Typically, projects are scoped, and BA’s write requirements, which are then handed over to development and then lastly, thrown over the fence to testers. Testers raise defects and then the cycle is repeated. The problem with each of these models is that they do not have testing as an integral part of the cycle, so projects often fail to deliver on time for resolving defects and handling scope creep. Consequently, budgets are blown, the end product is of poor quality and the software does not do what is expected.
In fact, according to Mckinsey “On average, large IT projects run 45 percent over budget and 7 percent over time while delivering 56 percent less value than predicted”1. There are plenty of well-publicised examples, not least the $1.2 billion blow-out by Auckland Council which they attributed to “the complexities of moving from computer systems inherited from Auckland’s eight former councils to a single environment.”2. While I may not know the exact cause of this overrun, I do know that a big bang approach to large-scale IT projects is never a recipe for success.
Furthermore, in my experience, many IT organisations that go through transformations to adopt Agile fail to properly implement Agile practices correctly; so, when testing activities are done, they continue to be done last or late in the cycle meaning critical defects or flaws in the solution can still be detected. At these later stages, it is often quicker to patch the code rather than apply a permanent fix, making refactoring necessary later.

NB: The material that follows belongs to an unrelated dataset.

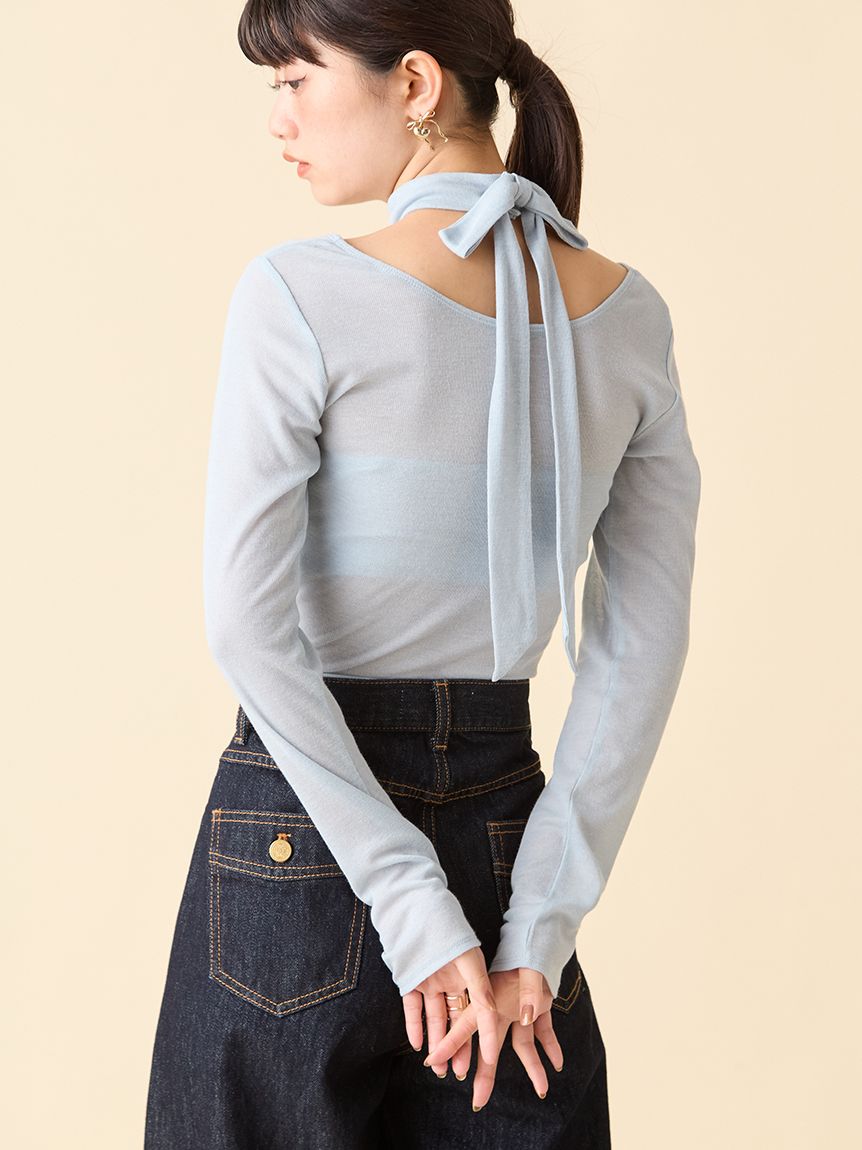 LILY BROWN Lingerie】バンドゥ付き2wayボディスーツ(Tシャツ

I’ve seen issues arise when the vendor is working in Agile, but the client is not. In practice, this means a delay to user acceptance testing and production, the backlog of work increases, technical debt ensues, budgets overrun, sprints are rescheduled or are delivered late. These problems are encountered as a direct result of delaying test activities or if testers are not actively engaged from the early stages of design and development.
So what is shifting left and will it help?
Basically, shifting left means bringing forward test activities to much earlier in the project (literally shifting test activities left on the project plan). Fundamentally, it’s about understanding the project and then planning, estimating, and resolving issues quickly. It means test early and test often. It means review the estimates, review the requirements before development starts, it means start automation. It means having testers integrated in the delivery cycle: requirements > design > coding > testing.
In my opinion, adopting Agile and Shift Left testing is the way to go and even better if you have cross-functional teams that are co-located. Having a unified test strategy, to define all elements of testing, including documentation reviews, unit testing through to user acceptance and pre-production is also a great starting point. Once you’re set up this means testing can start early and test often and be integrated with the whole delivery process. With the right framework, testers can:
- Have clear visibility of the solution
- Focus on customer requirements
- Write test cases in advance
- Automate tests and run them early and often.
- Identify defects early
So what are the benefits to Shifting Left?
First and foremost, shifting left means a better quality product is delivered with fewer production defects and delighted customers and also:
- Opportunity to design tests early
- Defects are identified early
- Reduces the risk to project delivery dates
- Reduces costs associated with rework \ code refactoring
- Teams working together, all being on the “same page”
- Overall continuous approach
Finally, we know that Shift Left testing is not a new concept, but a mindset that fosters collaboration across the delivery team. It allows you to deliver quality solutions on time and within budget and enables you to delight your customers.